Data-use by Stats NZ:
- to input into ethnic population estimates and projections
- to provide descriptive and analytical profiles of demographic, social and economic characteristics of different ethnic groups and produce statistics on the changing ethnic diversity of New Zealand’s population
- to provide denominator data for the calculation of ethnic-specific rates for a wide range of topics, for example, fertility, mortality, morbidity, and inequality
- to help inform sampling frames for other collections.
Alternative data sources were used for missing census responses and responses that could not be classified or did not provide the type of information asked for. The table below shows the distribution of data sources for ethnicity data.
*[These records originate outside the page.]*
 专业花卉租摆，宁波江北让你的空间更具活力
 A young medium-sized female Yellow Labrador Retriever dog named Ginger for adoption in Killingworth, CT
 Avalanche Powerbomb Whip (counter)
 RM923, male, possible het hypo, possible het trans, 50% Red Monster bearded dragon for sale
Data sources for ethnicity data, as a percentage of census usually resident population count, 2023 Census | ||
---|---|---|
Source of ethnicity data | Percent | |
2023 Census response | 86.0 | |
Historical census | 8.8 | |
2018 Census | 6.2 | |
2013 Census | 2.6 | |
Admin data | 4.4 | |
Statistical imputation | 0.8 | |
Probabilistic imputation | 0.5 | |
CANCEIS(1) donor's response sourced from 2023 Census form | 0.3 | |
CANCEIS donor's response sourced from 2018 Census | <0.1 | |
CANCEIS donor's response sourced from 2013 Census | <0.1 | |
CANCEIS donor’s response sourced from admin data | <0.1 | |
CANCEIS donor’s response sourced from probabilistic imputation | <0.1 | |
No information | 0.0 | |
Total | 100.0 | |
1. CANCEIS = imputation based on CANadian Census Edit and Imputation System Note: Due to rounding, individual figures may not always sum to the stated total(s) or score contributions. |
The following admin data sources were used, the below list is in priority order of use:
- Department of Internal Affairs (DIA)
- Ministry of Education - tertiary and school enrolments
- Manatu Haurora – Ministry of Health - cohort demographics
- Ministry of Social Development - primary benefit recipients.
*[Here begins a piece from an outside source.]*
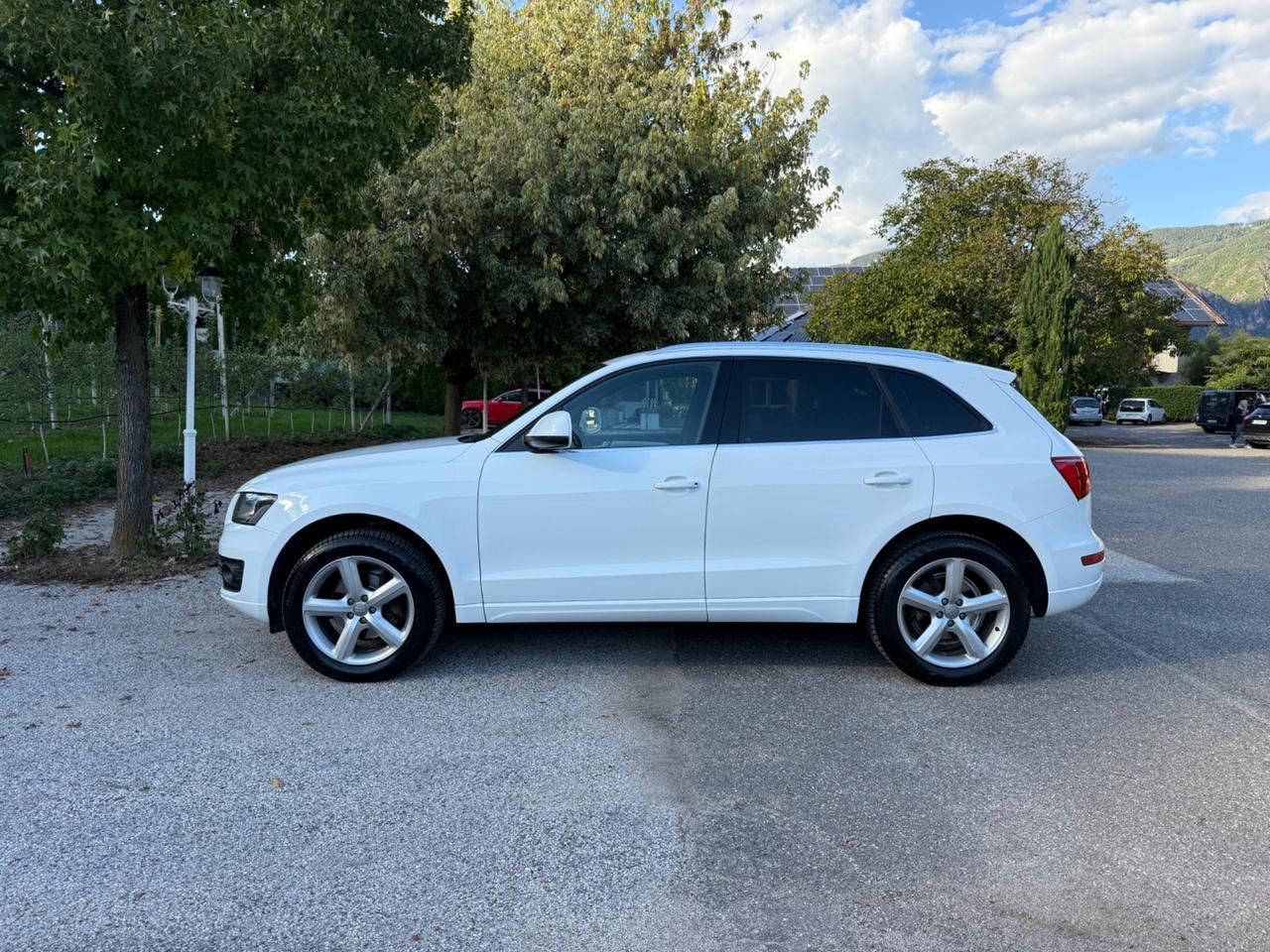 Audi Q5 2.0 TDI 170 CV quattro S tronic Advanced Plus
Editing, data sources, and imputation in the 2023 Census describes how data quality is improved by editing and how missing and residual responses are filled with alternative data sources (admin data and historical census responses) or statistical imputation. The paper also describes the use of CANCEIS (the CANadian Census Editing and Imputation System) which is used to perform imputation.
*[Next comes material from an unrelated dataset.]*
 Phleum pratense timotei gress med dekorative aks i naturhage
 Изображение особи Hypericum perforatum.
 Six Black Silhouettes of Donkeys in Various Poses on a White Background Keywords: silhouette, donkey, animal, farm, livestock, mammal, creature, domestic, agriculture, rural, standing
Missing and residual responses represent data gaps where respondents either did not provide answers (missing responses) or provided answers that were not valid (residual responses) in the 2023 Census.
For:
- 2018 and 2023 Census, ethnicity data contains no missing or residual responses as they were filled with data from alternative sources
- 2013 Census, 5.3 percent of responses were coded to ‘Not stated’, and 5.4 percent of respondents were coded to ‘Not elsewhere included’ (which includes ‘Not stated’ responses).
Note that in the 2018 and 2013 Censuses, missing and residual responses were reported for the census night population count so percentages for this subject population will be different to those above.
Overall quality rating: High quality
Data has been evaluated to assess whether it meets quality standards and is suitable for use.
Three quality metrics contribute to the overall quality rating:
- data sources and coverage
- consistency and coherence
- accuracy of responses.
The lowest rated metric determines the overall quality rating.
Data quality assurance in the 2023 Census provides more information on the quality rating scale.
Data sources and coverage: Very high quality
The quality of all the data sources that contribute to the output for the variable were assessed. To calculate the data sources and coverage quality score for a variable, each data source is rated and multiplied by the proportion it contributes to the total output.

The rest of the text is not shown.